Protesters and police clashed in Paris for a third night amid widespread anger over Emmanuel Macron’s pension reforms.
Protesters and police have clashed in the French capital Paris for a third night as thousands of people took to the streets across the country and refinery workers went on strike to protest the government’s decision to raise the state pension age without a parliamentary vote.
The growing unrest, combined with garbage piling up on the streets of Paris after waste workers joined the action, has left President Emmanuel Macron’s authority with the most serious challenge since the so-called “Gilets Jaunes” or yellow vest protesters. started at the end of 2018.
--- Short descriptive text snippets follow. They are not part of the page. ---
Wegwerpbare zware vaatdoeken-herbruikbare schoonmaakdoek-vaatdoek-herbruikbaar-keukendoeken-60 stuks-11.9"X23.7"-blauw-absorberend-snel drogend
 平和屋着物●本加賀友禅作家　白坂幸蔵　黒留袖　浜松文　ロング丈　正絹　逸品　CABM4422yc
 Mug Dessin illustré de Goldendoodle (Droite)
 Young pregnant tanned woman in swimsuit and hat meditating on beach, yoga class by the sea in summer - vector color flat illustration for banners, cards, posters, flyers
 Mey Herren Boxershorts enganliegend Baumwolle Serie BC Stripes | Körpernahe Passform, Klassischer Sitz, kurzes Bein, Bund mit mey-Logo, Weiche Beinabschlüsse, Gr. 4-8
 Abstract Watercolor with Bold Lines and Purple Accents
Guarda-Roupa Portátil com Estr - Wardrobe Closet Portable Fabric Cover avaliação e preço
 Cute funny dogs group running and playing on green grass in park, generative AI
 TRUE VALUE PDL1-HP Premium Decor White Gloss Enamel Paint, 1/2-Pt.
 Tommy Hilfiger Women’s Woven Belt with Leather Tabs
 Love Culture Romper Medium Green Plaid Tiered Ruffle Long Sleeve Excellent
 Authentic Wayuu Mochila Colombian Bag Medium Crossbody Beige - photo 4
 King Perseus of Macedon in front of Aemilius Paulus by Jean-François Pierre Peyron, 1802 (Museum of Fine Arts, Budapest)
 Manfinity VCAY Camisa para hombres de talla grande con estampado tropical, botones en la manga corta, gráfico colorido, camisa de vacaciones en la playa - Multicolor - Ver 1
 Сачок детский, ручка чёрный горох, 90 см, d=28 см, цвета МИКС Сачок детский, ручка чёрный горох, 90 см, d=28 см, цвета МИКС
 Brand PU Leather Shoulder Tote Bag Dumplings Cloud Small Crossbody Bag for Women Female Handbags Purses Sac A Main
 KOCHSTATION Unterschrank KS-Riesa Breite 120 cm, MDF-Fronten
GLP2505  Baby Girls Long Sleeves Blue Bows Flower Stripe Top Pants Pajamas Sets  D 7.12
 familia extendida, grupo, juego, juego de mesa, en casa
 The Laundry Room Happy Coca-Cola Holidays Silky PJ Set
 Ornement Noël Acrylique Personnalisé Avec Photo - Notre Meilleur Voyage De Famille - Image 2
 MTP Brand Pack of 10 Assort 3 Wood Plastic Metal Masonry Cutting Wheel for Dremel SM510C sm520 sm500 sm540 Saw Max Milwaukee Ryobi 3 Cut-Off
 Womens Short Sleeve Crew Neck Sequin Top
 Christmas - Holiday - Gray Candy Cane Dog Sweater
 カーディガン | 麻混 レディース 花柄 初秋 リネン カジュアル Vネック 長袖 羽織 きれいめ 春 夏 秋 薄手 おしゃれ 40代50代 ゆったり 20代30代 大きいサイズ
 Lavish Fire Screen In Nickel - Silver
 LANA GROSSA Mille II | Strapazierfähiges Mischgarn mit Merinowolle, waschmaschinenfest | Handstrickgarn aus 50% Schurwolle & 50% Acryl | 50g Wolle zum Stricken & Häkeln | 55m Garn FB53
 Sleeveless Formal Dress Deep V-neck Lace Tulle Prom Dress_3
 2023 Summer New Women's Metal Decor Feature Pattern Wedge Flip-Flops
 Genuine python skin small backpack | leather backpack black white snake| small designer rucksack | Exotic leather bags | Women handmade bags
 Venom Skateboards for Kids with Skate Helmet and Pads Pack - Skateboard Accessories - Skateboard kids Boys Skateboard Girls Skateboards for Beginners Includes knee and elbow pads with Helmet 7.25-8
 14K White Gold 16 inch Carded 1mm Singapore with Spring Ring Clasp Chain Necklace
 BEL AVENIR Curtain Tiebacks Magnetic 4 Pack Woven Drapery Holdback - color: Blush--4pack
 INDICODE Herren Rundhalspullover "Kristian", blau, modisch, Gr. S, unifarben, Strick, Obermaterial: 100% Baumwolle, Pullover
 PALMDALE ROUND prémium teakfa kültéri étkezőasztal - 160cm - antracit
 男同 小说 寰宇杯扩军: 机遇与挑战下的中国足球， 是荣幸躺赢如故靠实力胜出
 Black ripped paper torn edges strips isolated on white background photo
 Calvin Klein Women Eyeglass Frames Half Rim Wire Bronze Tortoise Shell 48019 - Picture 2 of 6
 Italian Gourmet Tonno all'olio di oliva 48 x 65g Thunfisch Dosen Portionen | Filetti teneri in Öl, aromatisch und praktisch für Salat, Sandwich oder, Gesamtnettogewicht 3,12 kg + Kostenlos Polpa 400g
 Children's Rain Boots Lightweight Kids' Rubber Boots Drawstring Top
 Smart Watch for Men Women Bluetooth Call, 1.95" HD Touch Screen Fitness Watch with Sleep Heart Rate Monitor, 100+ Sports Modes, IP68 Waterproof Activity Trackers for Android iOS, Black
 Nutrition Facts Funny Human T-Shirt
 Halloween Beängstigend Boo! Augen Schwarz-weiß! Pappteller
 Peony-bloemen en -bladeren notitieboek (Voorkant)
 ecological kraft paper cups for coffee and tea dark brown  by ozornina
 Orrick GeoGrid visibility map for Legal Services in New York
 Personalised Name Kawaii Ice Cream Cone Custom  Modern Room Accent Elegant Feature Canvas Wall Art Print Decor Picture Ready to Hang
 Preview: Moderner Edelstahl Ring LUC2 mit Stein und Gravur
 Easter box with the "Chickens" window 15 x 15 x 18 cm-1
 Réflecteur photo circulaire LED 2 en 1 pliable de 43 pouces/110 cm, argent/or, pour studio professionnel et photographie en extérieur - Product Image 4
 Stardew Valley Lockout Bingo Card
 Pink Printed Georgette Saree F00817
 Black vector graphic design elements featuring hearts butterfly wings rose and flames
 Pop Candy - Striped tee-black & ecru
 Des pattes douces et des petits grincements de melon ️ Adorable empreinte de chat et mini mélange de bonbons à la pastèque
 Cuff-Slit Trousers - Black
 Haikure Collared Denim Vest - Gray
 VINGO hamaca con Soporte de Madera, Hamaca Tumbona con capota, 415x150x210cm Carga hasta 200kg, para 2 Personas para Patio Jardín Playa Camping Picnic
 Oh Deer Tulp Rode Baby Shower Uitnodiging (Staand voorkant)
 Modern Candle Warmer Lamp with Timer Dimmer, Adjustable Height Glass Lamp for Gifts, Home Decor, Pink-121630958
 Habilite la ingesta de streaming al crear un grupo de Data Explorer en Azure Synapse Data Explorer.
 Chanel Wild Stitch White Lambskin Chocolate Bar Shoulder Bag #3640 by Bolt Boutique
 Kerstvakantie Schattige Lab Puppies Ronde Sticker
“Macron, resign!” and “Macron collapses, we win,” chanted protesters in Place d’Italie in southern Paris.
Riot police used tear gas and clashed with some of the crowd after trash cans were set on fire.
Municipal authorities had banned demonstrations in central Paris on the Place de la Concorde and the nearby Champ-Elysees on Saturday night after demonstrations that led to 61 arrests the previous night. On Saturday evening, 81 people were arrested.
Earlier in the French capital, a group of students and activists from the Permanent Revolution Collective briefly stormed the Forum des Halles shopping mall, waving banners calling for a general strike and shouting: “Paris, get up! Get up,” social media videos showed.
People marched in cities across the country after regional unions called for a weekend of protests.
BFM television also showed images of ongoing protests in cities such as Compiegne in the north, Nantes in the west and Marseille in the south. In southwestern Bordeaux, police also used tear gas against protesters who set fires.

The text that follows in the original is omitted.